To the average computer user, artificial intelligence seems to have emerged from nowhere – an amorphous and otherworldly force filling their social media feeds with dream-like landscapes and photo-realistic images of people who don’t actually exist.
For the people who spend their days designing and engineering buildings, however, AI and its close cousin, building information modeling, are technologies that have gradually been informing the entire development process.
Architecture tools
At Minneapolis-based architecture firm HGA, which has a Milwaukee office and has designed several Milwaukee buildings, AI tools are utilized to improve, and sometimes speed up, certain parts of the early building and site design process, said Jonathan Bartling, vice president of digital design at HGA.
AI programs or plugins like DALL-E and DALL-E-2, or Veras, can be “plugged into” traditional computer-aided design programs like SketchUp, Autodesk Revit or Rhinoceros 3D, to enhance or modify designs that have been manually rendered on a computer.
Veras, for instance, can alter the mood of a building rendering by showing it in different lights or seasons.
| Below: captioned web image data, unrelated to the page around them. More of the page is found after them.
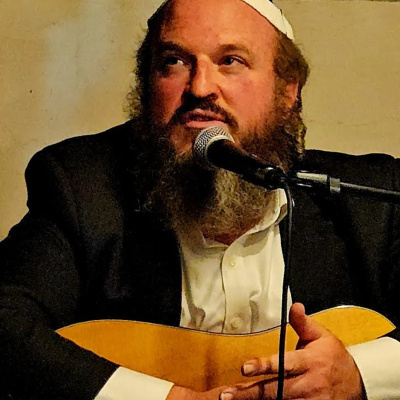 Eli Goldsmith Inspired Flow!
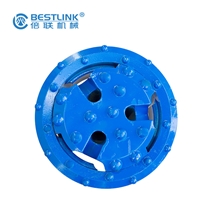 Concentric Overburden Casing Well Drilling Bit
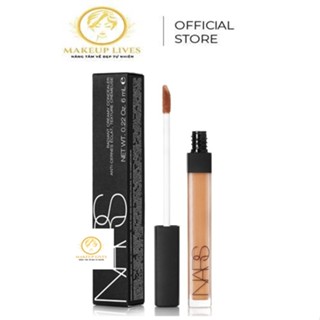  Kem che khuyết điểm Nars Radiant Creamy Concealer 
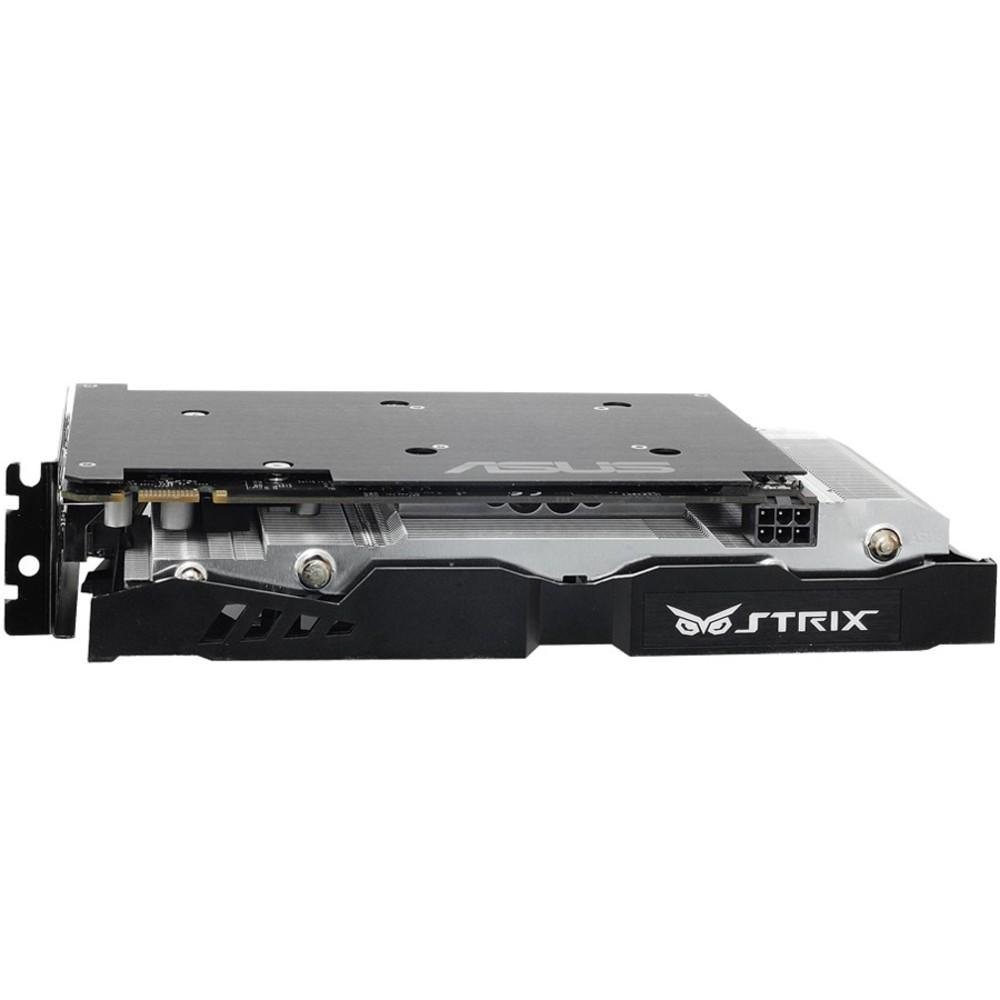 Placa de Vídeo VGA Asus NVIDIA GeForce GTX 960 4GB STRIX DDR5 128-bits PCI-Express 3.0 DVI/HDMI STRIX-GTX960-DC2OC-4GD5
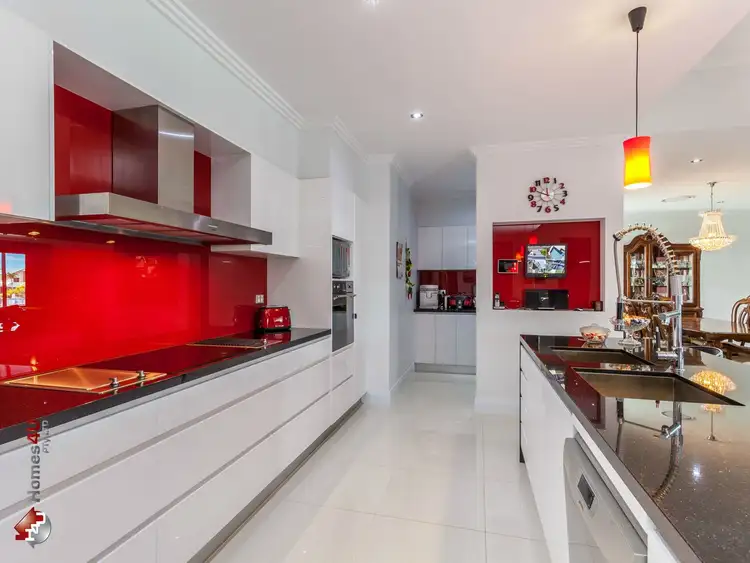 Sixth view of Homely house listing, 7 Sverige Court, Newport QLD 4020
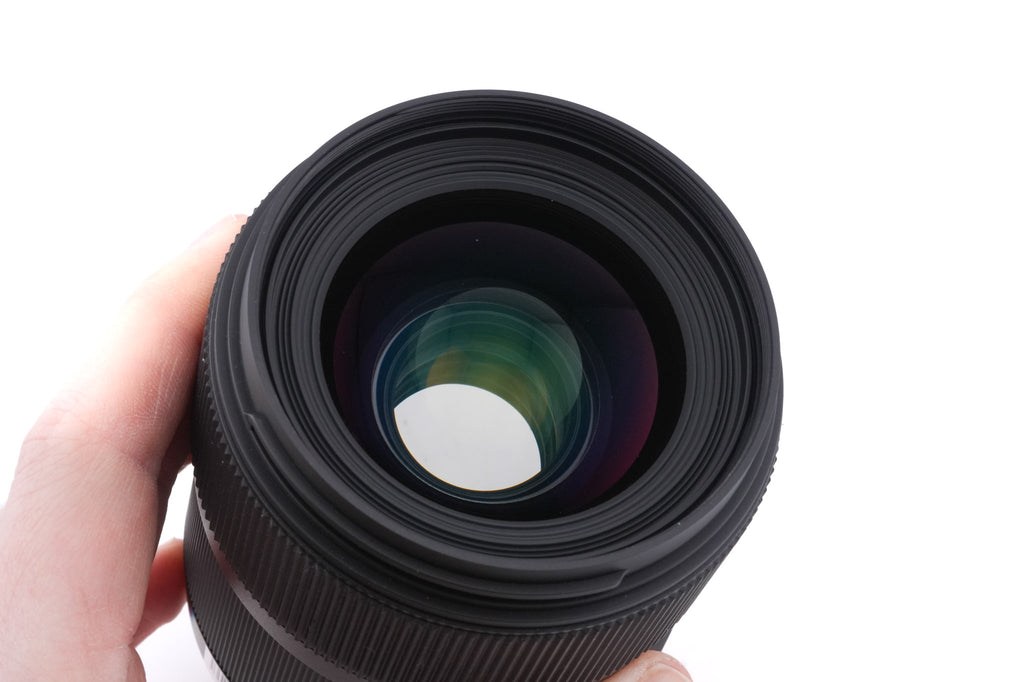 Sigma 35mm f1.4 DG HSM Art (012)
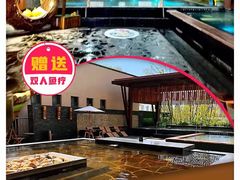 -清河半岛温泉度假酒店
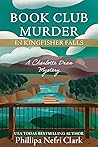 Book Club Murder ...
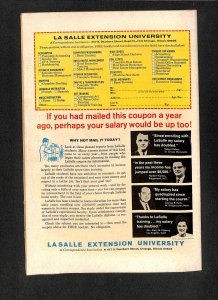 Incredible Hulk (1962) #154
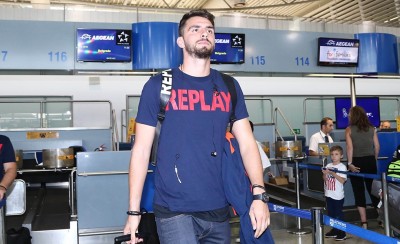 Τετ α τετ Χάσι με Καπίνο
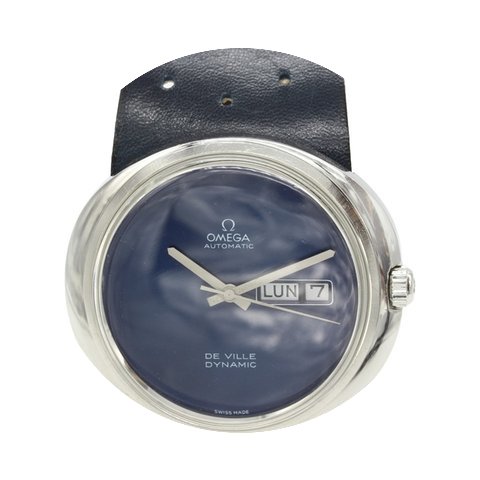 Omega Men's Omega Deville Dynamic 700L.1...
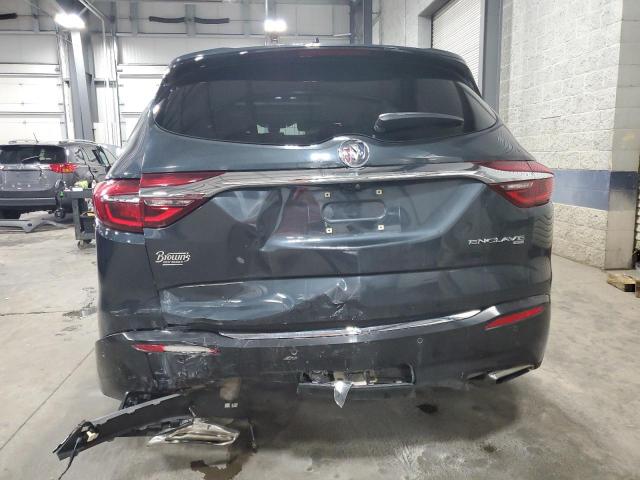  BUICK ENCLAVE 2019 Вугільний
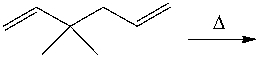 Predict the product for the following Cope rearrangement. A. I B. II C. III D. IV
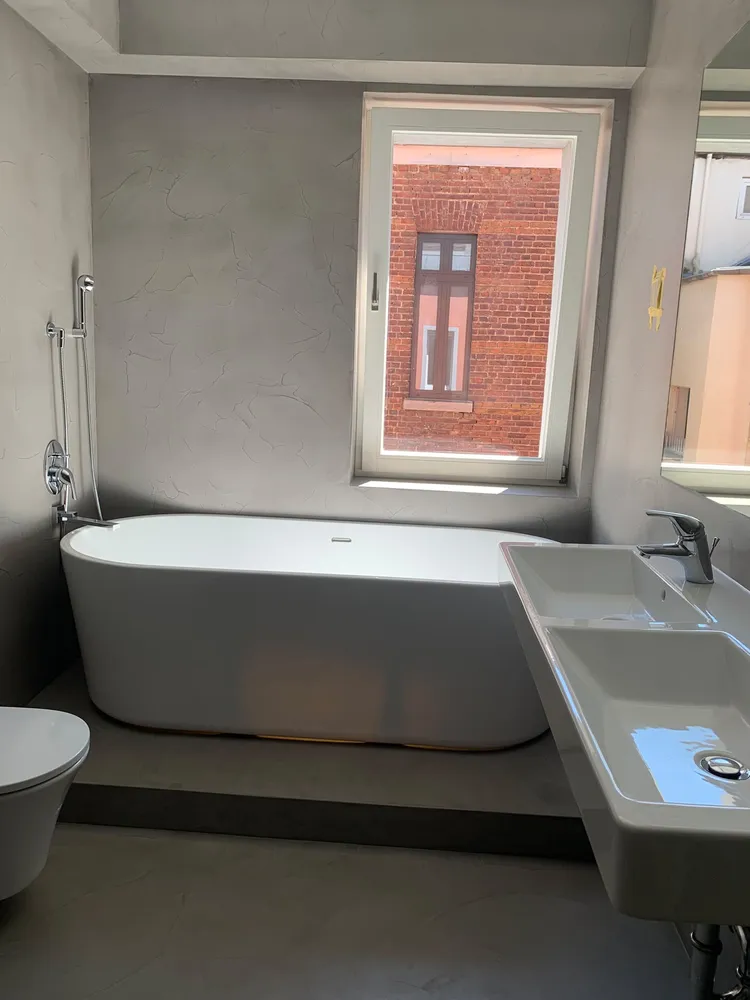 2 Zimmer Wohnung mit 97 m² in Köln – Bild 1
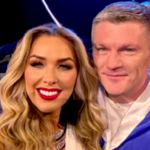 Ricky Hatton wife news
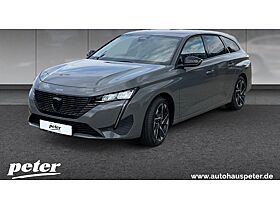 Peugeot 308 Peugeot 308 SW Allure BHDi 130 +Car-Play+Kamera+SHZ+LED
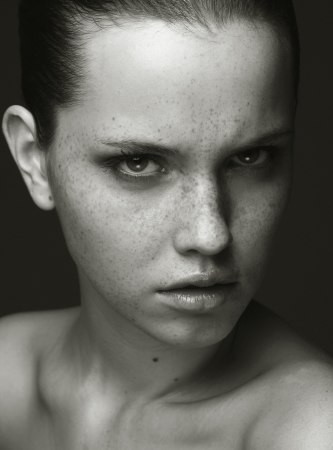 Photo of model Julia Johansen - ID 225018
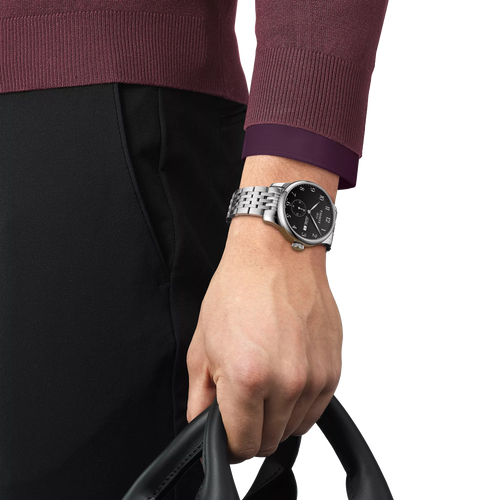 Tissot Le Locle Automatique Petite Seconde - T0064281105200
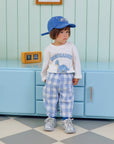 Swing Ball Cap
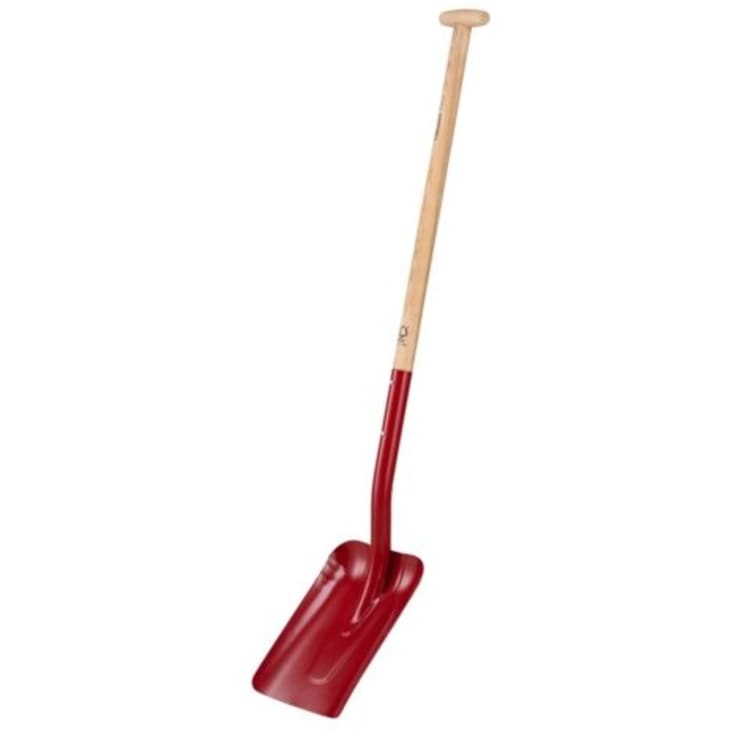Fiskars Classic spade, ulakkert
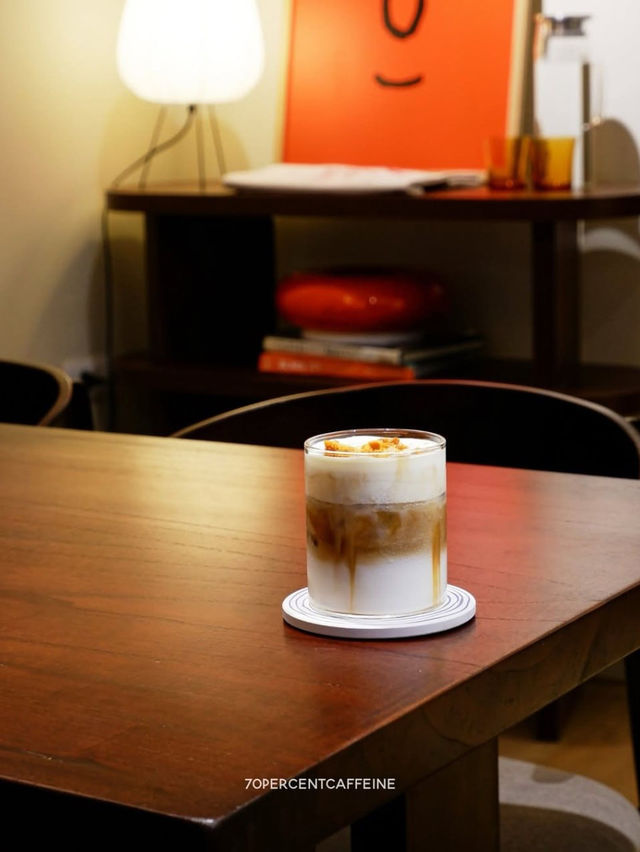 Common Coffee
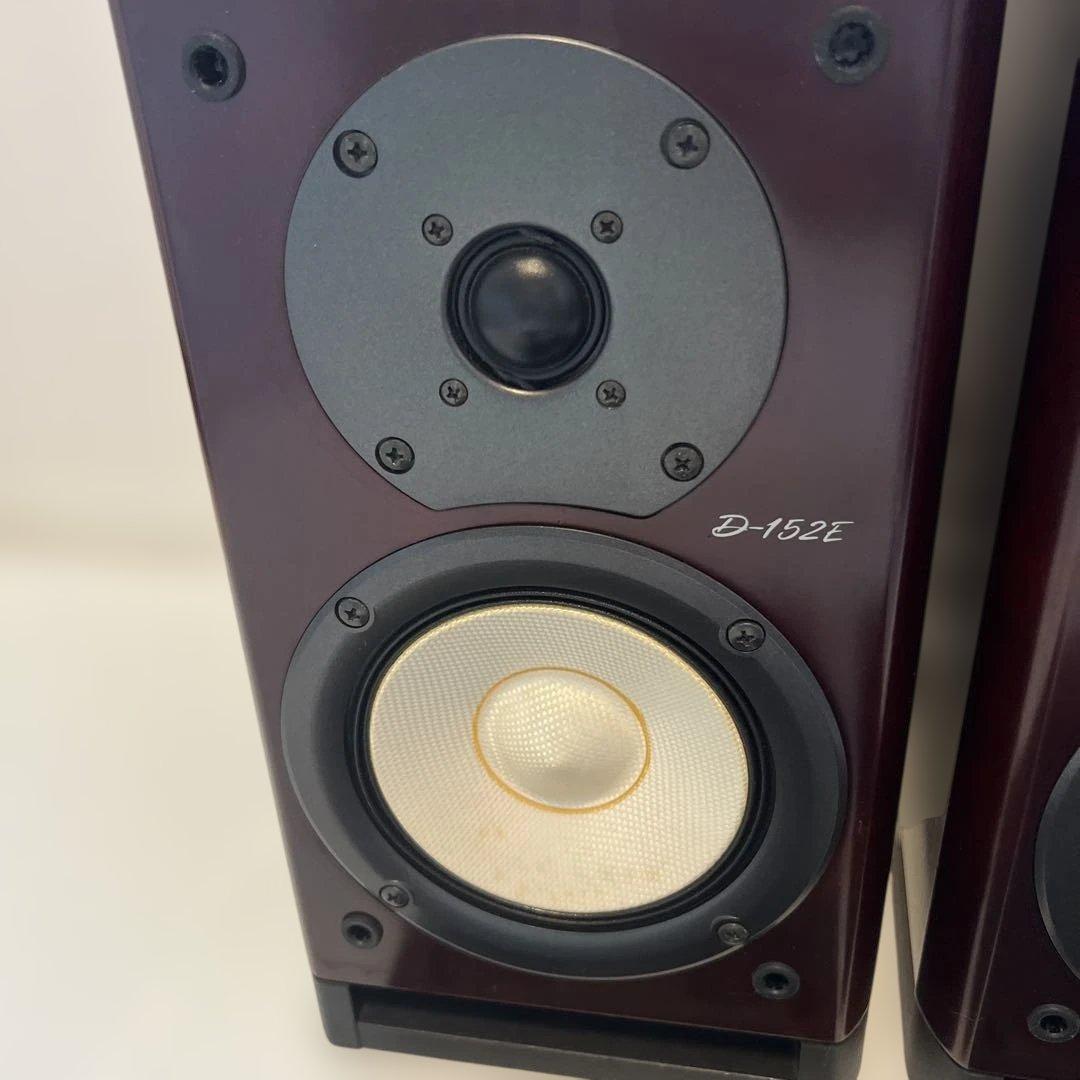 ONKYO コンポ C-705FX / A-905FX / D-152E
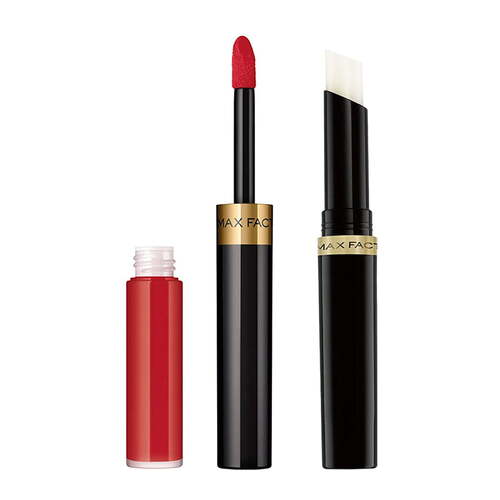 Max Factor Lipfinity Lip Colour Lipstick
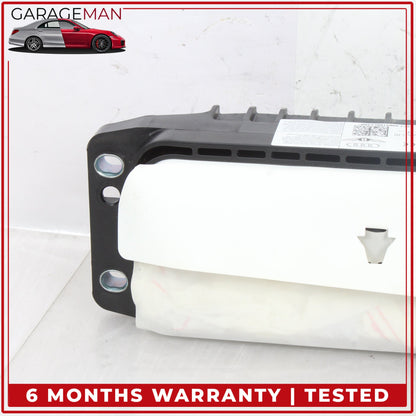 2012-2018 Audi A6 Front Right Passenger Side Dash Airbag 4G8880204D OEM
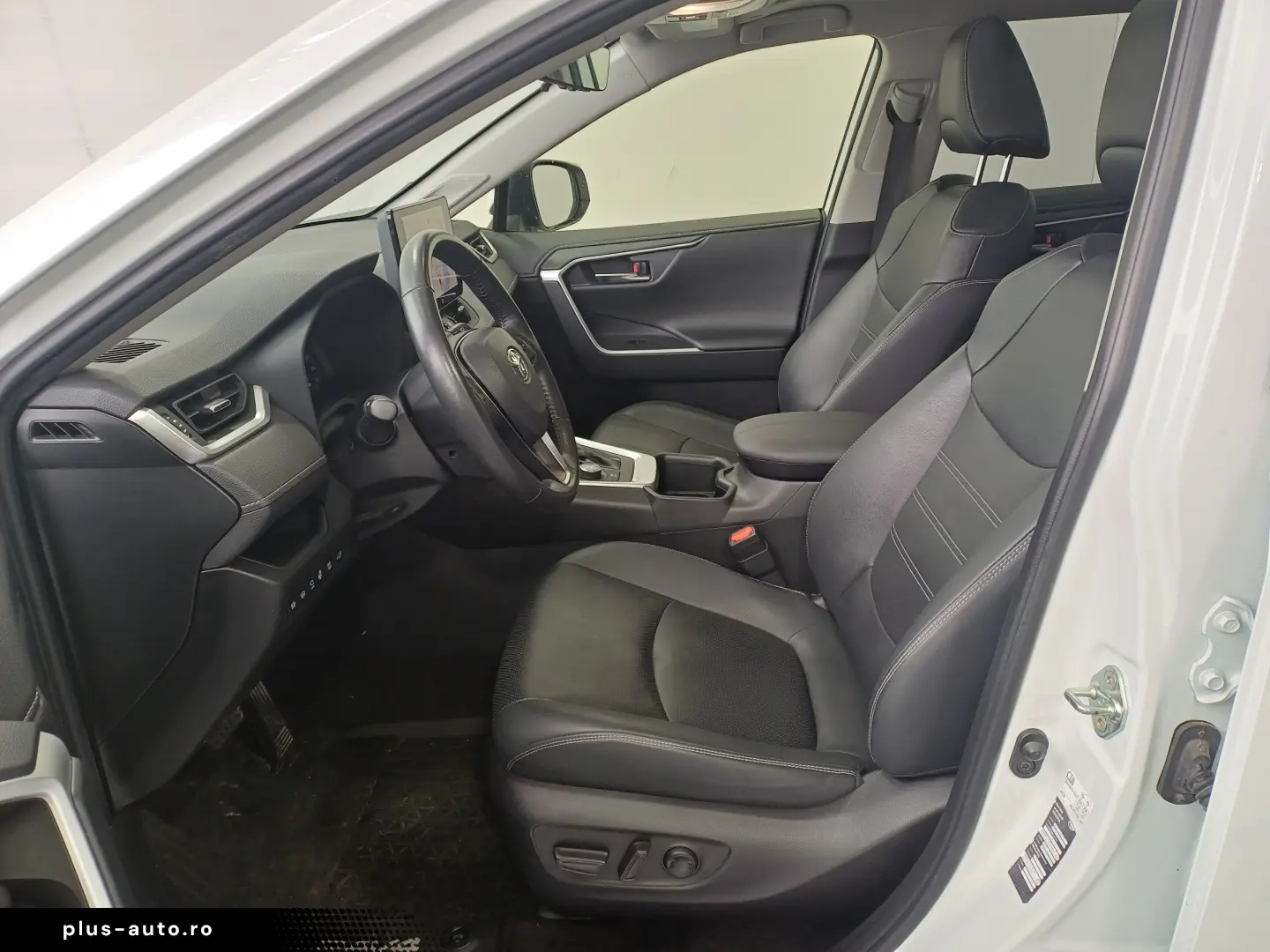 Toyota RAV4 2 5 Hybrid Luxury Premium AWD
Previously, that work would’ve had to have been done by a person using a more traditional design software.
Designers also sometimes use Autodesk Forma (formerly Spacemaker) to come up with options for building sizes and possible site layouts.
“It allows you to program the different building elements. You can tell it, ‘I want three buildings of these sizes for the site scale,’” Bartling said. “You are doing a lot more curating than iterating (with these tools).”
Building tools
At Milwaukee-based construction firm CG Schmidt, staff are mostly using predictive analytic AI tools, like Microsoft Power BI, that help their staff analyze data and make better decisions when it comes to choosing the best subcontractor for a certain job, or the best estimate for a specific project, said Brian Medina, the firm’s director of mechanical, electrical and plumbing and visual design and construction.
“It allows us to take a lot of data and sort through it fast,” Medina said.
The firm is also testing AI programs that other firms are using to help map mechanical layouts in buildings.
“These programs can help find the most efficient above-ceiling layout, like the insulation, plumbing and HVAC, within code required parameters and maintenance parameters,” Medina said.
At Madison-based construction firm Findorff, AI tools are mostly being used for budgeting and quality control purposes, but the firm is also aware of developing potential for design enhancements like those Medina mentioned. One way the firm is using AI is by employing an optical character recognition software, or OCR, to optically scan building plans to help analyze structural elements.
“At the beginning of every project, you are coming up with a budget, so you need to know how many windows, walls, how many doors are in those plans,” said Donnie Bogle-Boesiger, virtual design and construction lead at Findorff. “The software uses OCR to read those plans for you to help you with budgeting.”
The firm also uses AI in post-construction quality checks, using laser scanning of completed projects to see how accurately things were installed.
Embracing change judiciously
As AI design tools continue to grow in popularity and scope, the key to using them effectively, Bartling said, will be putting operational and philosophical guardrails in place to ensure the next generation of architects knows there’s a place for organic contributions.
“We have to make sure that we are not just replacing interns with AI. If there are tasks that are being replaced, we have to think about other ways of evolving talent,” he said. “There is a creative agency to the process that we don’t want to lose, by doing things, better, faster and smarter.”
For Medina, AI is coming along at a time when the construction industry is understaffed and in need of ways to streamline the process and recruit young talent.
“Construction is going to have to adapt. Younger workers are going to want more immediate results, because that is what they are used to,” Medina said. “We are not giving our younger generations credit. They don’t need to spend the first five years (of their careers) drafting.”